# Hardt Poodles in Texas



## helxi70 (Aug 9, 2017)

I've finally started my official search for an older minature poodle pup...so excited. My first email is to Hardt poodles. I found her on PoodleBreeders.com. Does anyone have one of her pups or knows of anyone?

She does health testing and conformation.

Thanks!


----------



## zooeysmom (Jan 3, 2014)

I recently recommended Hardt to someone--looks like a great breeder worth visiting/talking with.


----------



## helxi70 (Aug 9, 2017)

Thanks! Now I just hope she writes back. Maybe I shouldn't have said I never had a dog before...lol


----------



## zooeysmom (Jan 3, 2014)

helxi70 said:


> Thanks! Now I just hope she writes back. Maybe I shouldn't have said I never had a dog before...lol


If you don't hear back in a few days, call to follow up. That will let the breeder know you may not have had a dog before, but you are serious. Good luck


----------



## glorybeecosta (Nov 11, 2014)

helxi70 said:


> Thanks! Now I just hope she writes back. Maybe I shouldn't have said I never had a dog before...lol



I have gotten dogs from 15 months to 5 years, and I write the owner giving them my lifestyle, (have had dogs for years). Why I want the dog,how I plan to raise the dog, etc. I think just being honest and sincere with the breeder is the best. I think a good breeder is a good judge of a person looking for a dog. I get adults as I do not want to go through the puppy stage, and out of 6 adults never had a problem I could not handle and correct with a poodle, cannot say the same for terriers.


----------



## lily cd re (Jul 23, 2012)

Do follow up your email with a phone call if needed.


----------



## helxi70 (Aug 9, 2017)

I just spoke with the breeder and she was really nice. I won't be ready for a dog until January so I told her I would get in touch in a few months. The only thing is that she doesn't ship, which I totally understand, but it's much more inconvenient. 

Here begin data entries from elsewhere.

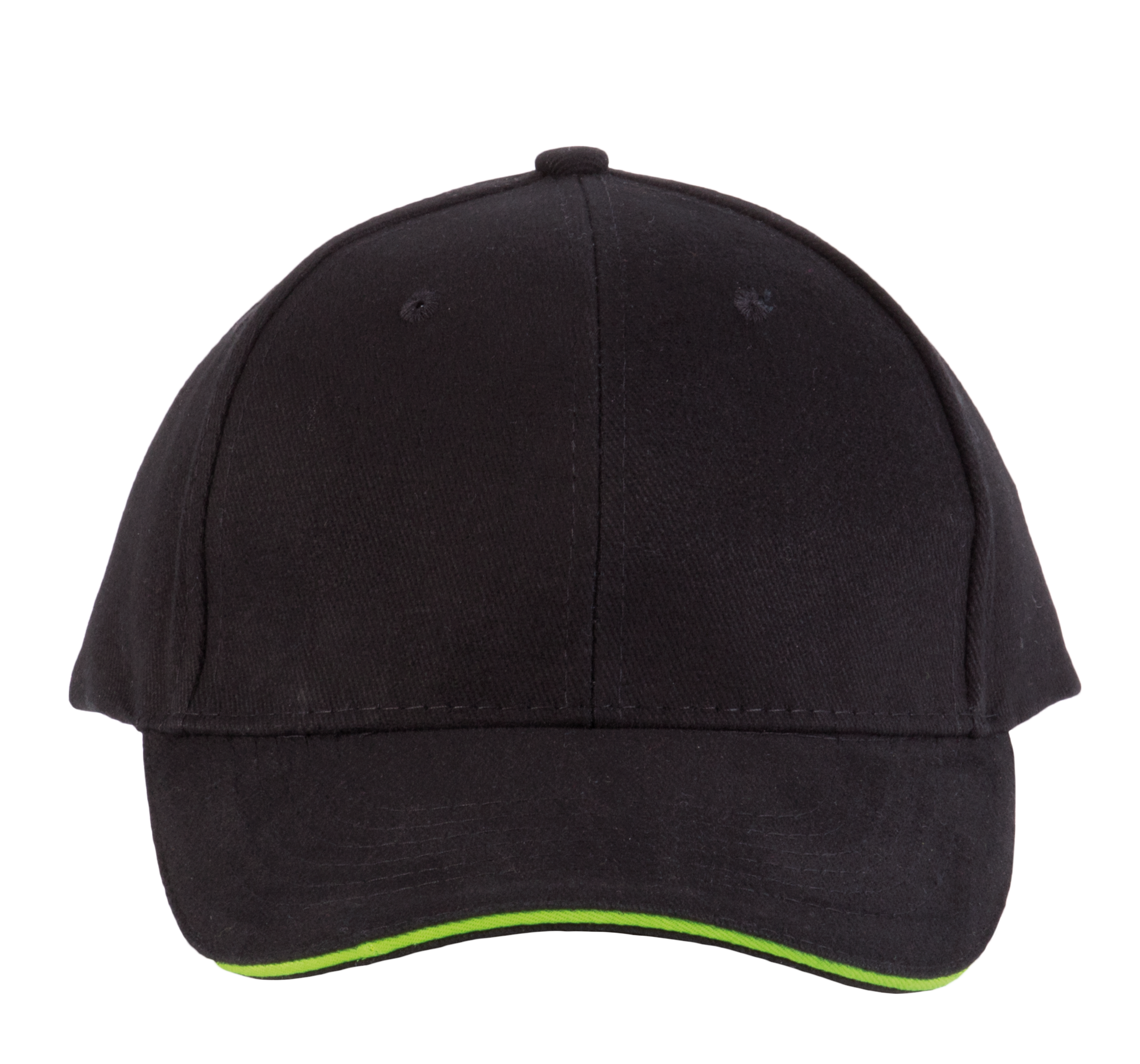 Orlando – casquette 6 panneaux - Image 16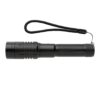 Latarka Gear X, ładowana przez USB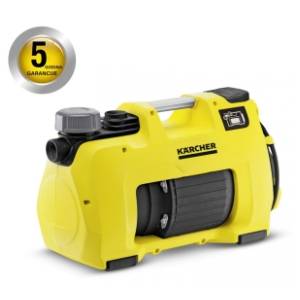 KARCHER BP 3 HOME & GARDEN baštenska pumpa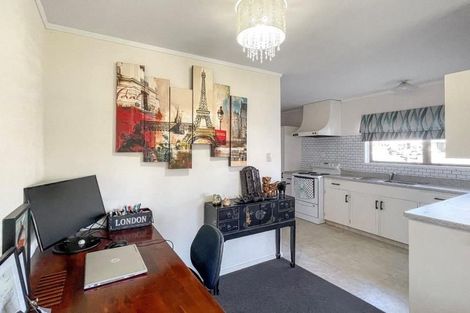 Photo of property in 14 Moana Place, Morrinsville, 3300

In any case, glad I spoke to my first breeder. She explained many things with her line and breeding. She also spoke of the pups line and pedigree. I thought the conversation would be more about the individual puppy but whatever.

Thanks for all your support!


----------



## zooeysmom (Jan 3, 2014)

Sounds like a positive experience so far. It's hard to know much about the individual pups until temperament testing at 7 weeks. Much more typical to talk about what the lines are known for show-wise, health-wise., and temperament-wise because this tells you the type of puppy to expect. It's often said to shop for a breeder, not for a puppy. I reserved Frosty at 2 weeks old based on my trust of the breeder matching me with the right puppy in the litter.


----------



## helxi70 (Aug 9, 2017)

I'm looking for a mini between 8 months to 2 yrs. The one we talked about was 6 months. She did say he was sweet and smart. I will follow up with more detailed questions if it works out in a few months.


----------



## helxi70 (Aug 9, 2017)

The funny thing is that I was kinda nervous talking to my first breeder, I never asked her the price...lol.


----------



## zooeysmom (Jan 3, 2014)

Okay, gotcha  I thought it was a litter she was talking about.


----------



## Mfmst (Jun 18, 2014)

It’s fair to ask about the price, health testing and health guarantees. Standard stuff. Since this will be you first dog, you need to be able to assure a reputable breeder, if asked, that you have plans for grooming, socialization and obedience plans in place. In other words, that you are a serious prospective owner and wanted to start with the best breed - a poodle! Best wishes on your search


----------



## helxi70 (Aug 9, 2017)

I was totally prepared to wow her with all the knowledge I picked up from this forum but she never asked me anything. I even rehearsed it in my head.


----------



## kchen95 (Jan 6, 2016)

helxi70 said:


> I'm looking for a mini between 8 months to 2 yrs. The one we talked about was 6 months. She did say he was sweet and smart. I will follow up with more detailed questions if it works out in a few months.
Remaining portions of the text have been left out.